Jésus le nomme “heureux”, “un homme béni”. Après tout, les paroles de Simon osent faire confiance à Dieu et s’appuyer sur lui. Ce n’est pas recevoir la meilleure opinion des gens qui passe en premier. Un tel témoignage authentique mérite l’appréciation de Jésus : c’est pourquoi à Simon est donné prendre soin de la communauté qui s’appellera un jour l’Église. Avec confiance. Avec une confiance à toute épreuve. En tant que premier des douze Simon témoigne que Jésus est bien le Christ. Jésus confesse avec confiance qu’il voit Pierre en Simon. C’est un confession qui va prendre une raclée: elle s’avérera encore plus forte que le mensonge et la trahison, ainsi que de tous les petits défauts humains qui seront toujours ceux de Simon et des nombreux autres “Pierre” qui lui ont succédé.

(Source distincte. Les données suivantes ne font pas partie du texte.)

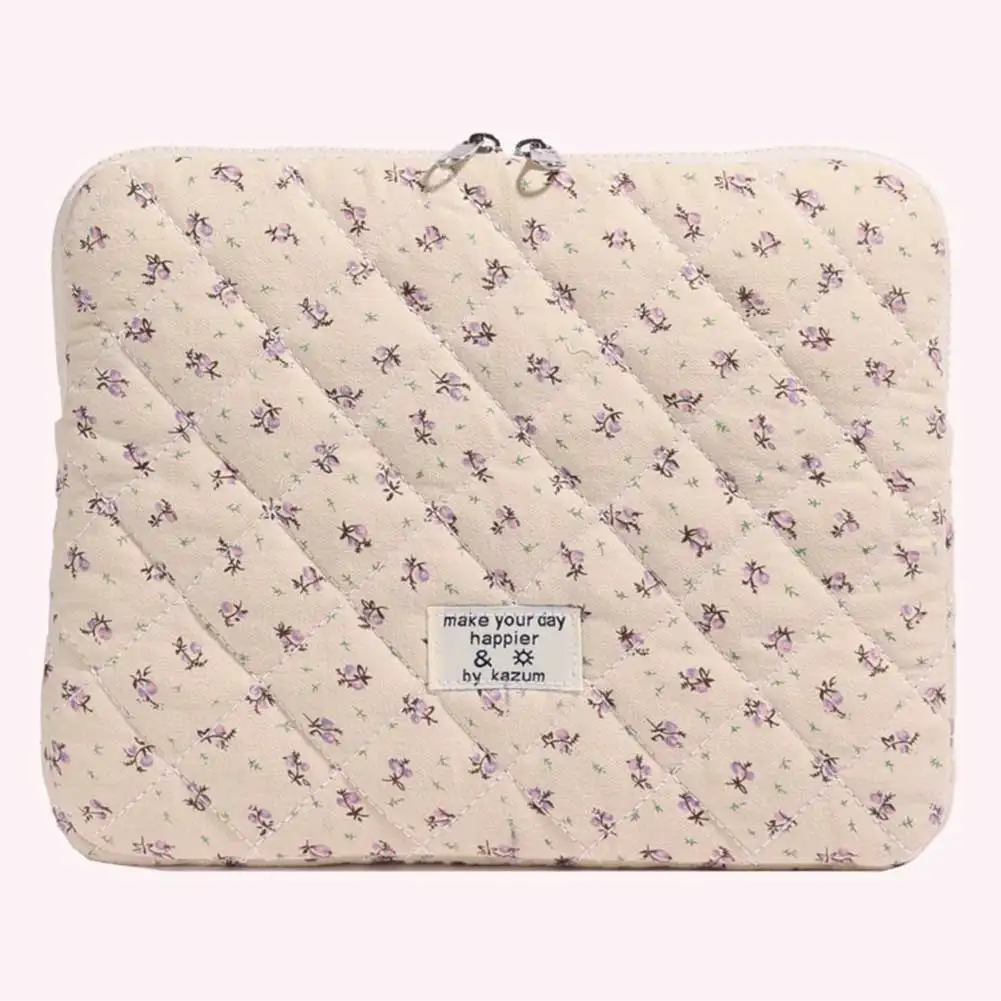 Floral Laptop Sleeve Quilted Laptop Carrying Case Protective Cute Computer Sleeve for 11-15 Inch Laptop Tablet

L’Évangile nous encourage à faire une confession authentique afin de trouver les fondations de la construction ou de la reconstruction de notre communauté ecclésiale. Sommes-nous Pierre ? Après tout, la première préoccupation de l’Église n’est pas l’Église elle-même. mais le témoignage de confesser que Jésus est pour nous aussi le Christ, le Fils du Dieu vivant. Ce message évangélique rend la liste des priorités ecclésiastiques très claire. Quelle est la place de Jésus dans l’agenda de nos rencontres pastorales ? Et Jésus considèrerait-il aussi comme bénis nos plans et projets pastoraux parce qu’ils témoignent de façon si authentique de qui il est pour nous ? En ayant la parole de Dieu comme architecte, les lectures du dimanche font distinguer là où l’Église trouve le mieux ses fondements : dans une confiance solide comme le roc et une confession authentique.
C’est sur cette base solide que l’Église peut être construite et reconstruite aujourd’hui. Avec un peu de nostalgie, certains bâtisseurs d’églises rêvent de préférence les cathédrales les plus puissantes ou de plus belles basiliques. Après tout, Sebna n’est jamais très loin. Mais Pierre aussi reste proche de nous : combien sont encourageantes les paroles inspirantes du pape François, qui rappelle que notre époque et notre monde ont davantage besoin d’un hôpital de campagne à proximité de toutes les souffrances humaines. Voilà un témoignage authentique de ce qu’est le Christ pour nous.